Information Retrieval

Welcome to COSC431

Semester 1, 2017


Andrew Trotman (Owheo building, room 123A)


If you have ever used a Web search engine, like Google or Yahoo, you will realise how helpful computers can be in finding information, and how frustrating. This paper will tell you we can use computers to find information in unstructured or semi-structured text, and why it is as hard as it is important to do better. We'll start from the basics of IR, such as "what the heck is a word, anyway?" and cover some recent research.

Much of the presentation will be directed reading; some of the key papers are so opaque that we shall also have some lectures.


Second year programming and data structures.


There will be an examination worth 60% and two practical assignments worth a total of 40%.

  • Assignment 1 (20%) - Download here. Due Date: 12th April 2017
  • Assignment 2 (20%) - Download here. New Due Date: 29th May 2017
  • Examination (60%)


  • Date: To be confirmed
  • Time: To be confirmed
  • Room: To be confirmed

Lecture Schedule 2017

Lectures: Wednesdays at 11am - 1pm in Owheo room G34.

1. Course outline and Outstanding Issues in IR
2. Searching
3. Efficiency and Ranking
4. Evaluation
5. Term Conflation
6: ROK: Parsing and XML
7: ROK: Compression slides, audio recording, and notes
8. Relevance Feedback
9. Phrase and Structured Search
10. Distributed Information Retrieval
11. XML-IR and Link Discovery
12. COSC431 Presentations
13. Revision (Come with questions prepared)


Student Administration have asked us to add this note on Plagiarism:
"Students should make sure that all submitted work is their own. Plagiarism is a form of dishonest practice.
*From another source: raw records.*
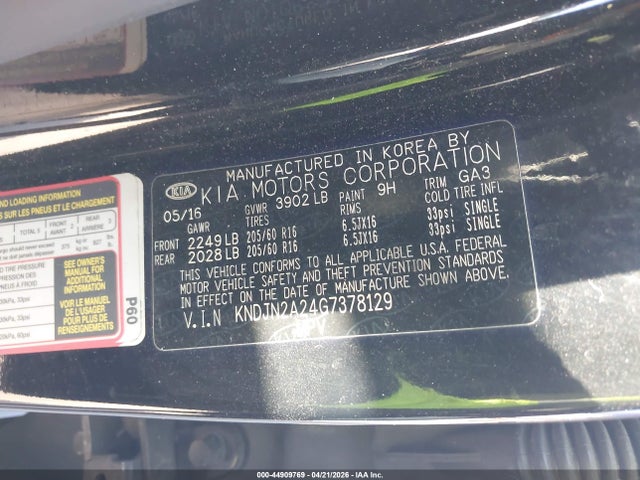Aukcja sprzedaży 2016 Kia Soul, vin: KNDJN2A24G7378129, numer aukcji: 44909769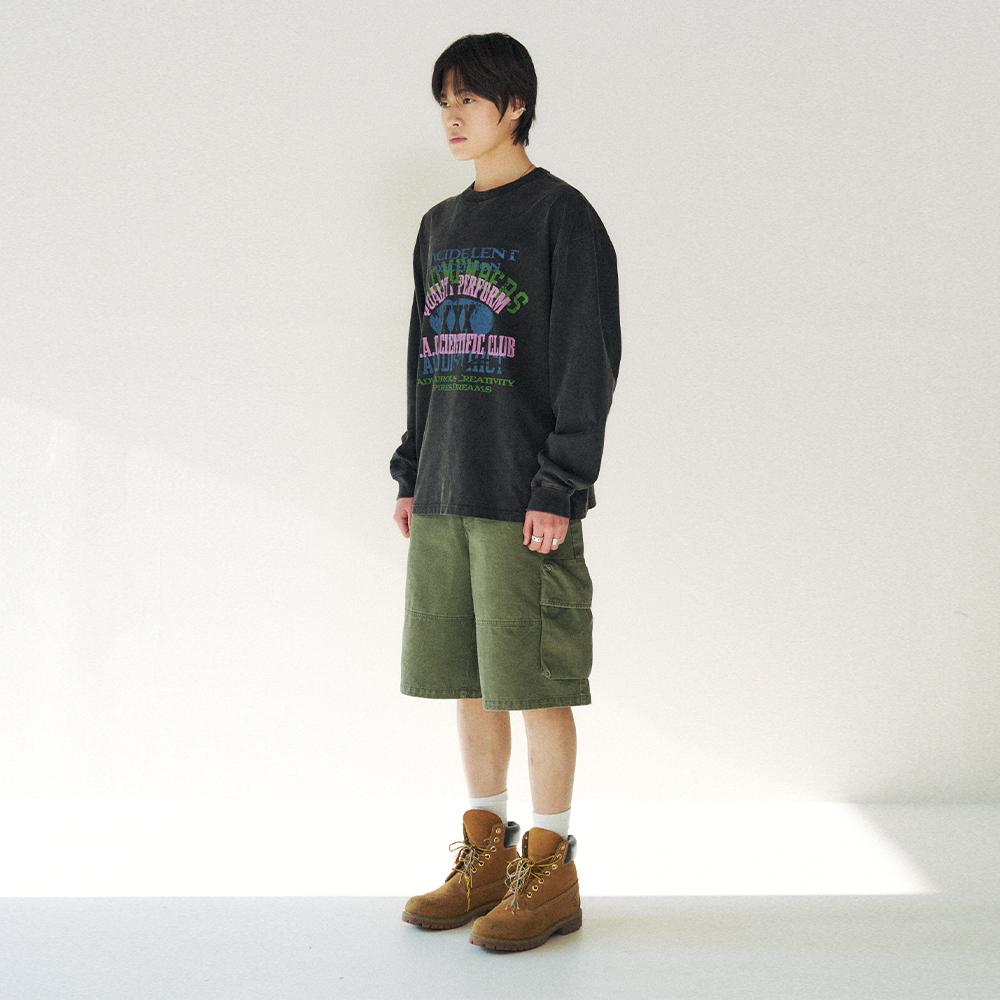 BERMUDA CARGO DYED COTTON SHORTS [KHAKI]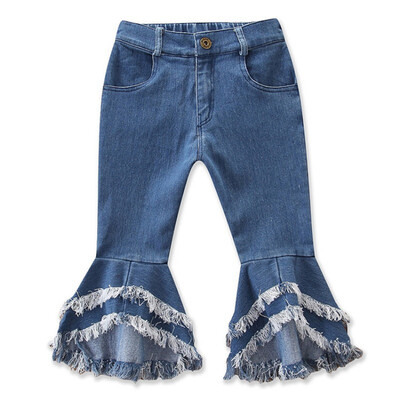 

Children Kids Baby Girls Flare Pants Denim Tassel Jeans Pants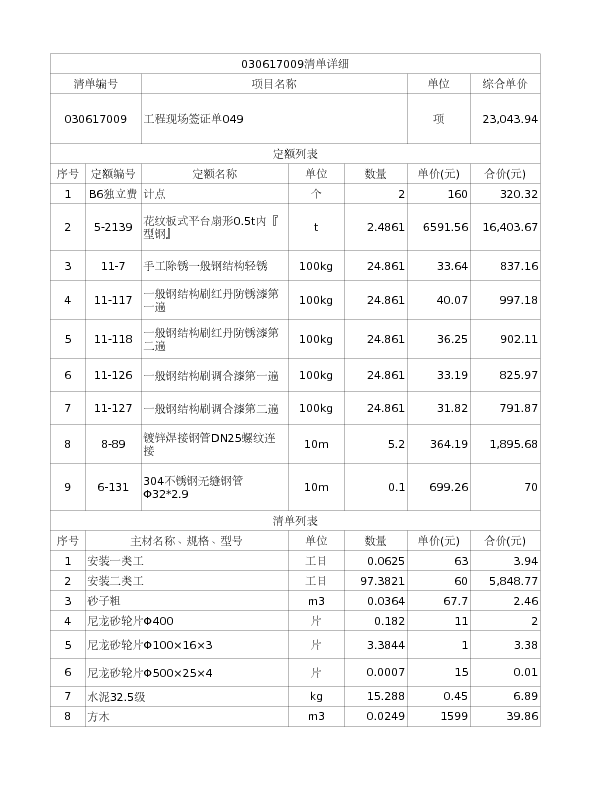 030617009  工程现场签证单049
Plagiarism is defined as copying or paraphrasing another's work, whether intentionally or otherwise, and presenting it as one's own (approved University Council, December 2004). In practice this means plagiarism includes any attempt in any piece of submitted work (e.g. an assignment or test) to present as one's own work the work of another (whether of another student or a published authority). Any student found responsible for plagiarism in any piece of work submitted for assessment shall be subject to the University's dishonest practice regulations which may result in various penalties, including forfeiture of marks for the piece of work submitted, a zero grade for the paper, or in extreme cases exclusion from the University."